▶ GIVEN INFORMATION
□ □ □
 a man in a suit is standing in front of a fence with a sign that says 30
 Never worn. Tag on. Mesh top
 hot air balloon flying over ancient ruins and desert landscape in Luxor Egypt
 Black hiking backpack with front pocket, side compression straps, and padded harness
□ □ □
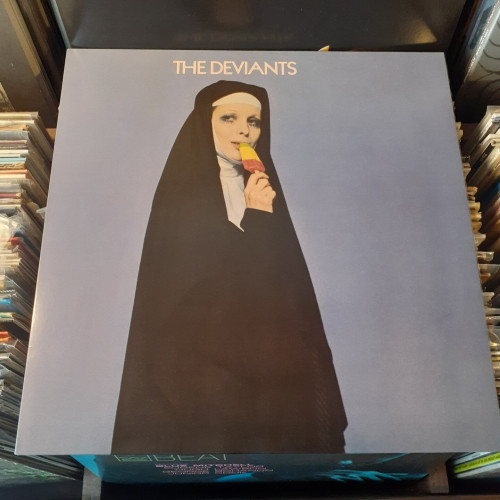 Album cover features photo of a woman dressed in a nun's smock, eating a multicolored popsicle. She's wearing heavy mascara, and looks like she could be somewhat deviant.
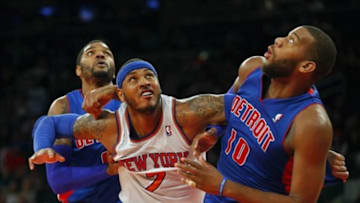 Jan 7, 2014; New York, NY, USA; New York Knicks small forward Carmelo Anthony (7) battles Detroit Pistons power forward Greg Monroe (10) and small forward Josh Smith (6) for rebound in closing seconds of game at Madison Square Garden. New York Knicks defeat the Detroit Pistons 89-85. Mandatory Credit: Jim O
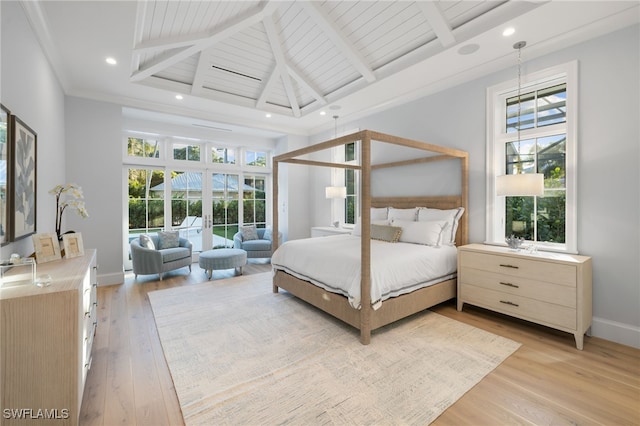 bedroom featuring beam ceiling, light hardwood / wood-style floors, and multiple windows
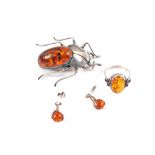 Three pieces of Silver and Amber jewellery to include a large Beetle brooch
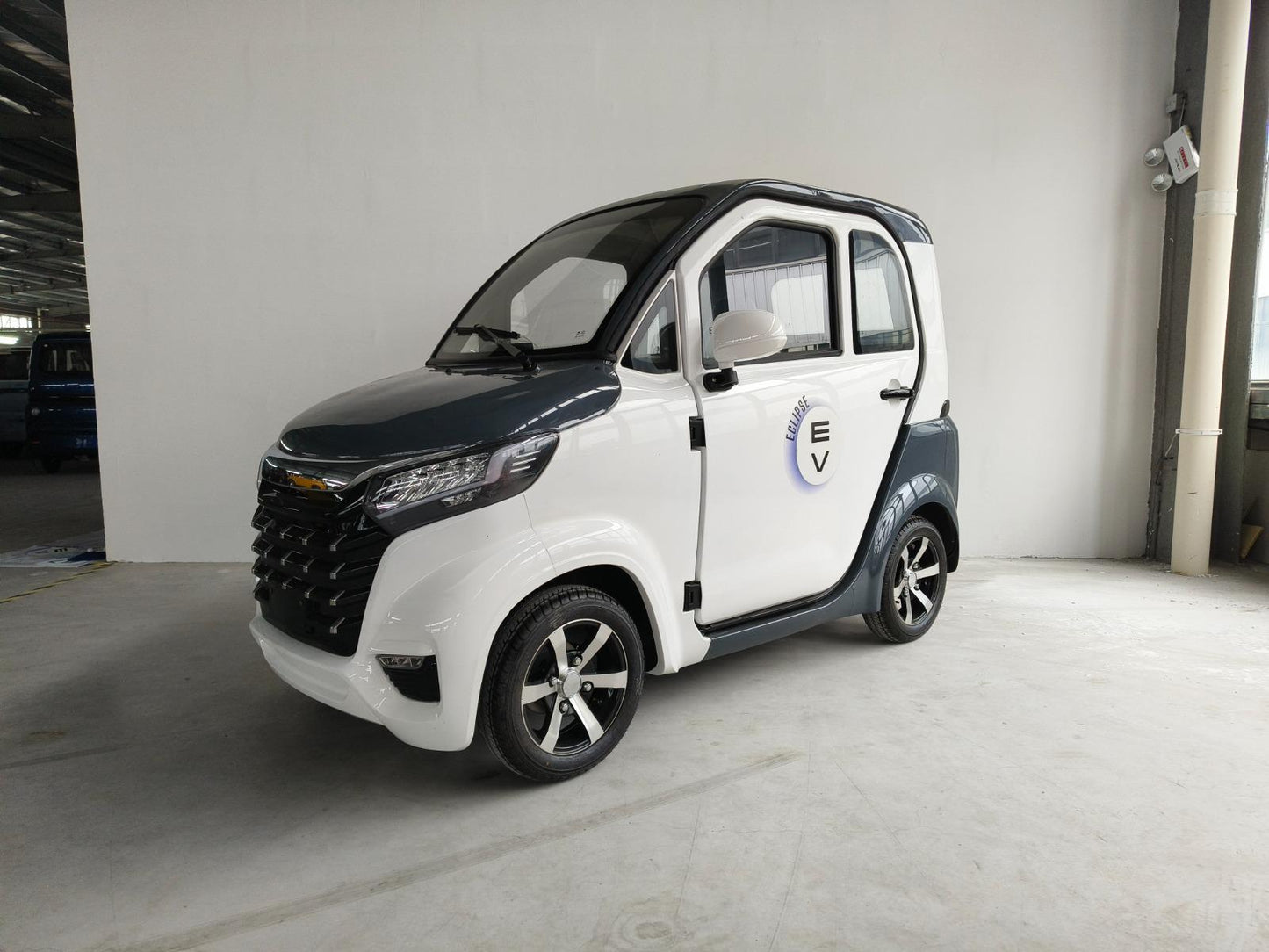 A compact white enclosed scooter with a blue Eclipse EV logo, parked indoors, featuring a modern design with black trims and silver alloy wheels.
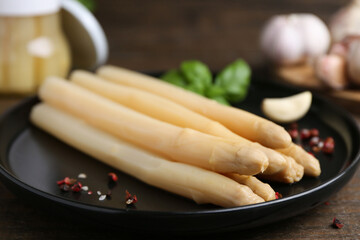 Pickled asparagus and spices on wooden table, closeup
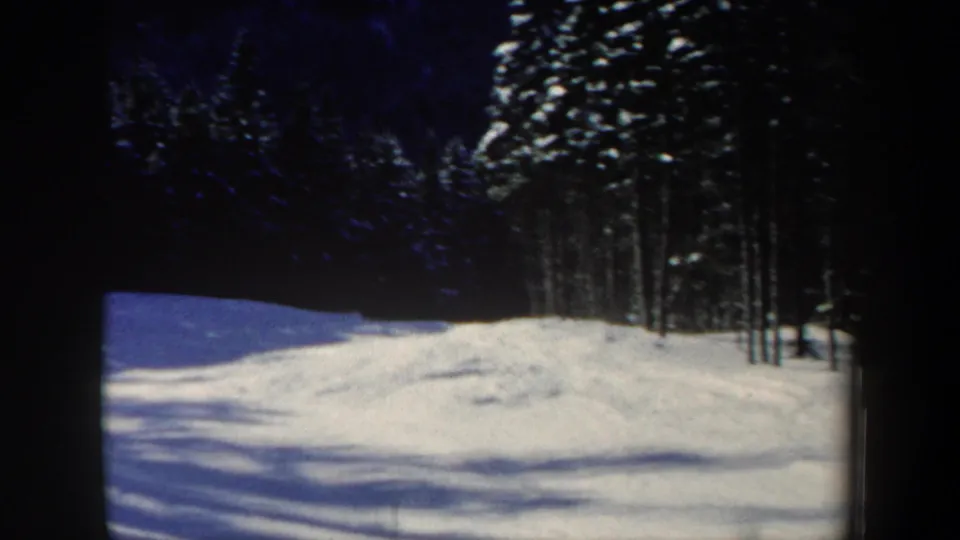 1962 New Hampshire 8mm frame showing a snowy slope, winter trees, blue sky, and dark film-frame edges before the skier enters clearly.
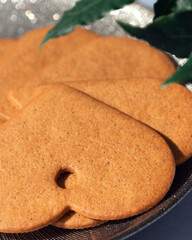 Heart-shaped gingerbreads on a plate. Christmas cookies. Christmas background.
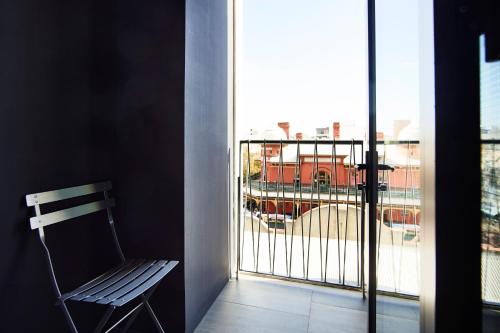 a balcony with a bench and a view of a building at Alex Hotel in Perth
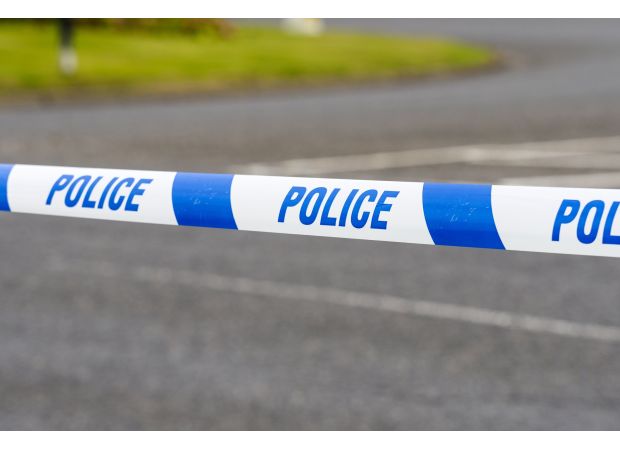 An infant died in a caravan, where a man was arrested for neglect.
□ □ □
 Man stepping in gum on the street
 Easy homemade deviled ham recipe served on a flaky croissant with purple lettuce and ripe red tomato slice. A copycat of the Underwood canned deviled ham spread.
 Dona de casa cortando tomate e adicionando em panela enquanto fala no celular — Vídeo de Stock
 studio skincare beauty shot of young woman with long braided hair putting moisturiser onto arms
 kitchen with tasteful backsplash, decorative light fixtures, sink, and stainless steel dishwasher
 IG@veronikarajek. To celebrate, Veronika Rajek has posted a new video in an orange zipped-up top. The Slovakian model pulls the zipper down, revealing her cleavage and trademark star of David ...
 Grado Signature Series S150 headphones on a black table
□ □ □
▶ REQUIRED ACTION
Collect, from the material above, every line containing the word "front".

▶ RESPONSE FOR THIS EXERCISE
 a man in a suit is standing in front of a fence with a sign that says 30
 Black hiking backpack with front pocket, side compression straps, and padded harness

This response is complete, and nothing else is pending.